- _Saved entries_
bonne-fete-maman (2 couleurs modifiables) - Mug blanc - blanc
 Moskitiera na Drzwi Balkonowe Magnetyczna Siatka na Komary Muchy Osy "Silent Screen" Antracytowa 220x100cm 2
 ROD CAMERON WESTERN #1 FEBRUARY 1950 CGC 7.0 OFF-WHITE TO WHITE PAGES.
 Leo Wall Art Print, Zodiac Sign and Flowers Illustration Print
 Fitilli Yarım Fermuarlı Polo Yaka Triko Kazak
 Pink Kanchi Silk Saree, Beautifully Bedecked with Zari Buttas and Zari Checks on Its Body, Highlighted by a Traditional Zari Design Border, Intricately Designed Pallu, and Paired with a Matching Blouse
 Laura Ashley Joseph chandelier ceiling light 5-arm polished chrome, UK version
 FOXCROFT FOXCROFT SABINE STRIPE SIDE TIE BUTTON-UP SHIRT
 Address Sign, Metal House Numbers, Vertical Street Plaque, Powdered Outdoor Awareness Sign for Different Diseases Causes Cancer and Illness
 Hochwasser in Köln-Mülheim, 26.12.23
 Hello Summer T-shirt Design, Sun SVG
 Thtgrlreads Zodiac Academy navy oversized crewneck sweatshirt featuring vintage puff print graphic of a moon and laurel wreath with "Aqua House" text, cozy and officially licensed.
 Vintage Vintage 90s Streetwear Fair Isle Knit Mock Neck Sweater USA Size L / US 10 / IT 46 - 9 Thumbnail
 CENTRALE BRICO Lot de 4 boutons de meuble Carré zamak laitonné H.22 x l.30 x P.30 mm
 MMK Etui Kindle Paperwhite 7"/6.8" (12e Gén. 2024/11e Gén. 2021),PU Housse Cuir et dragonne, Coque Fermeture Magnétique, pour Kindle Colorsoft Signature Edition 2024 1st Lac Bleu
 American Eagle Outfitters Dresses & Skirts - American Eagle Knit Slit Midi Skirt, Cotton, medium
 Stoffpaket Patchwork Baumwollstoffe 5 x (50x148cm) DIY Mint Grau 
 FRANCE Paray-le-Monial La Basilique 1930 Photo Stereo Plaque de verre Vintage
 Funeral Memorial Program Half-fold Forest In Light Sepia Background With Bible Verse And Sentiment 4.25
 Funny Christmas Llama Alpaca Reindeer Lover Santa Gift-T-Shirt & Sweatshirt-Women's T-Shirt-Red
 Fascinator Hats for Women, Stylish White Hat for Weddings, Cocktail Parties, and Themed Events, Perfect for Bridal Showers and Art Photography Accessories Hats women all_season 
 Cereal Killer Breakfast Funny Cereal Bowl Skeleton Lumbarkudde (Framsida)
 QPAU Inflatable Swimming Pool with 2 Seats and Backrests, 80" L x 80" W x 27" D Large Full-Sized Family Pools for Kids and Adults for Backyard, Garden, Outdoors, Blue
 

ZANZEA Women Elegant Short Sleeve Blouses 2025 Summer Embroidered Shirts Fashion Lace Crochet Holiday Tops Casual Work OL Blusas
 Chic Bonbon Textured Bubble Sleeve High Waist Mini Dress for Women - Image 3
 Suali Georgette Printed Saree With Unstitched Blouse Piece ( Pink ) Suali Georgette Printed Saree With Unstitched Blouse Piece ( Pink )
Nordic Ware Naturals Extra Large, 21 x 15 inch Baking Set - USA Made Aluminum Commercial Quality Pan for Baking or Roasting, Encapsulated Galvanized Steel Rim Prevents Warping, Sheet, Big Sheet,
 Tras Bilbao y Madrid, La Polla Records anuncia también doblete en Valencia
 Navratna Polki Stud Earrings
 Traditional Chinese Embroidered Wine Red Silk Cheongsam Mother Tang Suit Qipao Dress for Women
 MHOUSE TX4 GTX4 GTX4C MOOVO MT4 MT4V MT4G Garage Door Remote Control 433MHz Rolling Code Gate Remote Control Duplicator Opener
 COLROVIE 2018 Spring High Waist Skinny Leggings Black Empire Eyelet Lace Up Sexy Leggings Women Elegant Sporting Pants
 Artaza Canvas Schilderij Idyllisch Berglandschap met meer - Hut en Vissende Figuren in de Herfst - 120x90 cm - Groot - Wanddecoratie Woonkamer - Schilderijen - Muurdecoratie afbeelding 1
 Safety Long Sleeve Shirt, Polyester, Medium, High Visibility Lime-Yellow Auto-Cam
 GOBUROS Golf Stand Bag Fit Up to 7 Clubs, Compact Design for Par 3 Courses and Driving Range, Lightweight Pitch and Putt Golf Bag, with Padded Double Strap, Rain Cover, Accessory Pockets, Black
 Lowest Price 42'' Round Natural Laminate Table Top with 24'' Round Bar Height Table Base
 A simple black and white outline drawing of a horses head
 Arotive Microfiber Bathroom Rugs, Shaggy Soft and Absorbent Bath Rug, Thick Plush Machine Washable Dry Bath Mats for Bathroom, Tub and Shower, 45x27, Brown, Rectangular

- _What you need to do_
Transcribe the lines from the first line of the records through the line that contains "Leo Wall Art", both included, and add nothing else.

- _Task result_
bonne-fete-maman (2 couleurs modifiables) - Mug blanc - blanc
 Moskitiera na Drzwi Balkonowe Magnetyczna Siatka na Komary Muchy Osy "Silent Screen" Antracytowa 220x100cm 2
 ROD CAMERON WESTERN #1 FEBRUARY 1950 CGC 7.0 OFF-WHITE TO WHITE PAGES.
 Leo Wall Art Print, Zodiac Sign and Flowers Illustration Print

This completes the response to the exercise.